My primary concern is that this is a proprietary payment system that you can only use at Walmart. You can use your credit or debit card at any store you please, and the process is the same no matter where you're shopping. Maybe you have a loyalty card at one or two stores, and maybe you use a coupon app like Target's Cartwheel or Starbuck's stars system to get perks, but 95% of your purchases are paid with the same exact plastic card no matter where you are shopping. There is a beautiful simplicity in that, and it's lost with proprietary payments systems like Walmart Pay.
The future is not everyone having 30 different stores' apps on your phone so you can leave your wallet at home when you go out shopping. Doing some quick mental math, I frequent at least a dozen stores regularly, and probably go to 50 or so more shops throughout a year. I'm not going to install a new app for each one of those stores, that would be insane! And yet, if more companies pursue proprietary systems like Walmart Pay, this is the future we can look forward to.
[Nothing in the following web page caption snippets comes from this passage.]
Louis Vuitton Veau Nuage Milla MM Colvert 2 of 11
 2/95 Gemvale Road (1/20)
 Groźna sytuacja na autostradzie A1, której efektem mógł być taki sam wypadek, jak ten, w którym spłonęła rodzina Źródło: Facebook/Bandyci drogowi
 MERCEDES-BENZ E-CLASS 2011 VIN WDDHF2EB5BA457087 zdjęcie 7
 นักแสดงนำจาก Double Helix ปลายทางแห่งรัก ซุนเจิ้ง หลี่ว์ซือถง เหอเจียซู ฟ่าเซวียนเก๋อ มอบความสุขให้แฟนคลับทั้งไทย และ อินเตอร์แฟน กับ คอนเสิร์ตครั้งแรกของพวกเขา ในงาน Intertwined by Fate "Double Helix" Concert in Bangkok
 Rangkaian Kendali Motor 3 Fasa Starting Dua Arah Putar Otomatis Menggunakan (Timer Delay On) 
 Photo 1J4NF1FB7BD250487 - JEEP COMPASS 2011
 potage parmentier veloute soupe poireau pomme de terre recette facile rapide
What kills me about this is that there is already a good solution out there that works and companies like Walmart are ignoring it. I'm speaking of course of NFC payments. Apple Pay, Android Pay, and even Samsung Pay are all easier to use, faster, and just overall better experiences than any proprietary systems I've seen out there. Walmart's app requires me to find the app on my phone, open it, go to the payments page in the app, and bring up a QR code to present to the cashier to scan. This is very similar to my experience with CurrentC last year at Target, which I found more than a little lacking.
By comparison, the use of an NFC payment system like Apple Pay is built into my phone, so all I have to do is hold my phone up to the card reader with my fingerprint on the hime button and I'm done. I don't have to find a specific app to launch, and I don't even have to unlock the phone. It's such a quick interaction that blows any app-based payment system out of the water.
Maybe Walmart's rationale is that there aren't enough phones out there with NFC built in to take advantage of Apple/Android/Smasung Pay, and they want to reach as many people as possible, but ultimately that's a lame excuse as well. The 5 most recent iPhone models support Apple Pay, Android Pay is rolling out to a bunch of phones that had NFC built in years ago, and Samsung is selling a ton of Galaxy phones with their payments system built in. The people who are more likely to take advantage of a "pay with your phone" system are more often than not the same people who upgrade their phone more often and probably have a phone with these NFC payment systems built in.
It will be interesting to see how Walmart Pay does in the coming months, but I suspect this will end up being a big waste of time and money for the company. NFC payments haven't taken over the world overnight, but I still think they are a better, and more future-proofed solution that what we're seeing from companies like Walmart.